Three signed first edition copies of books by C.S.Lewis, the Watford-educated author of The Chronicles Of Narnia, are expected to fetch up to £3,000 each at an auction next month.

The books - The Voyage Of The Dawn Treader,The Horse And His Boy and The Last Battle - have been put up for sale by Lewis's friend and former private secretary, American-born Walter McGehee Hooper, 77, who plans to give the proceeds to a Roman Catholic church in Oxford, where C.S.Lewis worked and spent much of his life.

The books,which will be auctioned at Sotheby's in London on July 17, are particularly valuable because they are first edition copies and all three are signed by C.S.Lewis.

This year marks the 110th anniversary of C.S.Lewis's birth. He was born in Belfast in 1898, but moved to Watford at the age of nine following the death of his mother, Florence.

Within two weeks of her death he joined his older brother, Warren, at Wynyard House, a Watford preparatory school.

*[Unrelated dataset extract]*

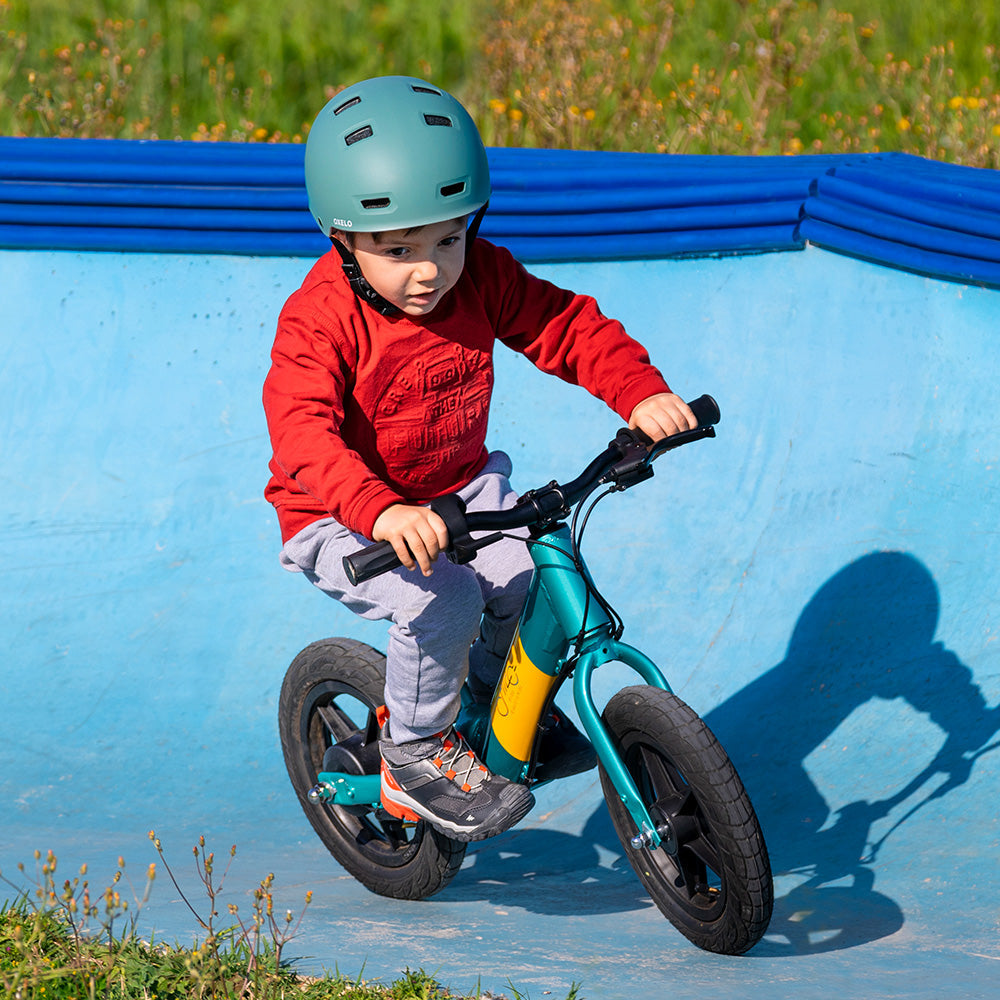 Dzieci noszą kaski i jadą na Fiido Kidz elektrycznym rowerku biegowym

Lewis later described the school as "a concentration camp”.

According to Lewis expert, Peter Schakel, in The Literary Encyclopedia: "The school's headmster was tryannical and abusive (though the Lewis boys were spared from beatings). Lewis's attitude towards schools, expressed frequently in his fiction and non-fiction, was shaped by his unhappy experience at Wynyard."

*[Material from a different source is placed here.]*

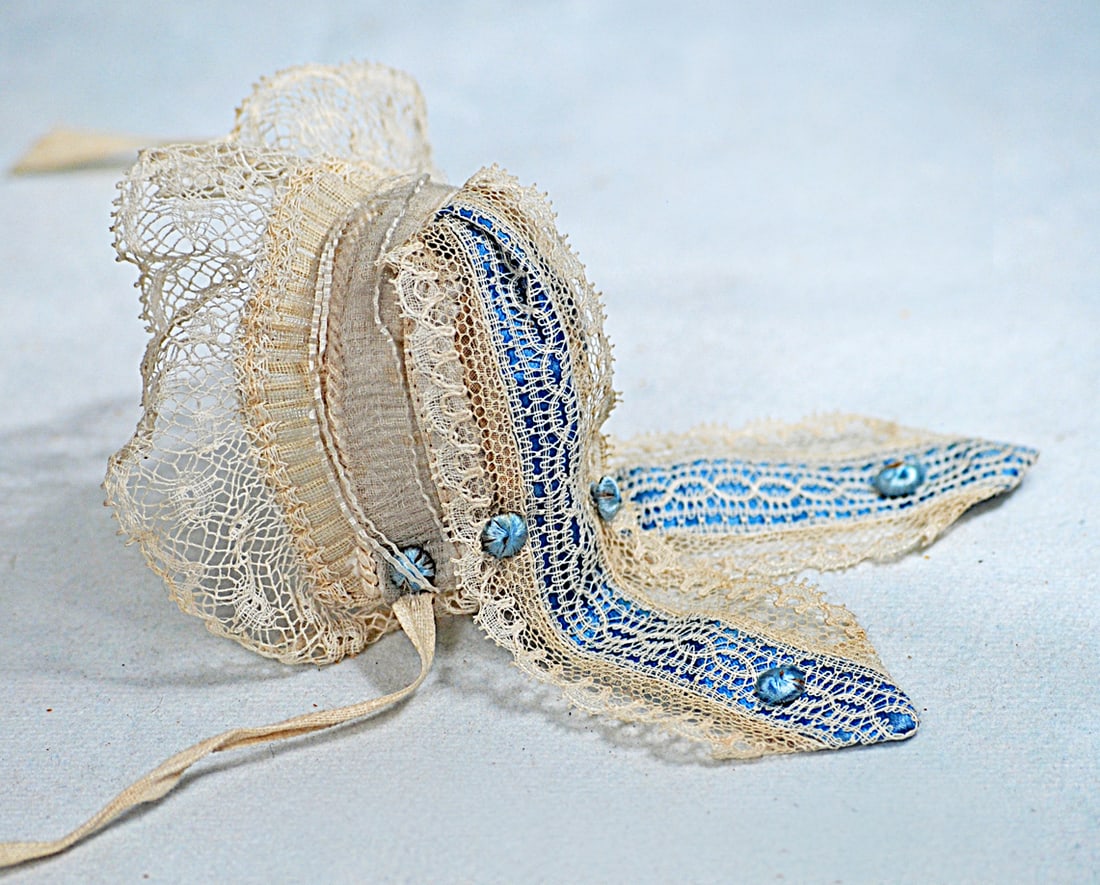 FINE ANTIQUE ORGANDY DOLL BONNET: White organdy made up in a dainty bonnet trimmed with val lace and tiny arranged blue silk balls, blue ribbons edged with lace forming elegant pendant barbes which fall long and gracefully over the ba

After leaving Watford, C.S.Lewis went on to write The Chronicles of Narnia, seven works of fantasy produced for children and published between 1950 and 1956. The books have since been translated into more than 30 languagues and sold millions of copies.

At least two titles from the series -The Lion,The Witch and The Wardrobe and Prince Caspian: The Return To Narnia - have been adapted for films.

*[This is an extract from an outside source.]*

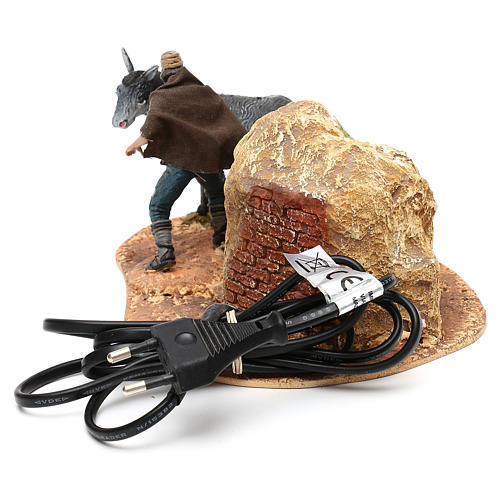 Hombre y burro Oliver con movimiento para belén 10 cm 4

Clive Staples Lewis, affectionately known as Jack, died on November 22,1963 - coincidentally, the day US president, John F.Kennedy, also known as Jack, was assassinated - just a week before what would have been his 65 birthday.

In his will,he left £55,869.That might not sound a lot now but in 1963 that sum would have been enough to buy 17 decent houses in Watford, as the average house then cost £3,160.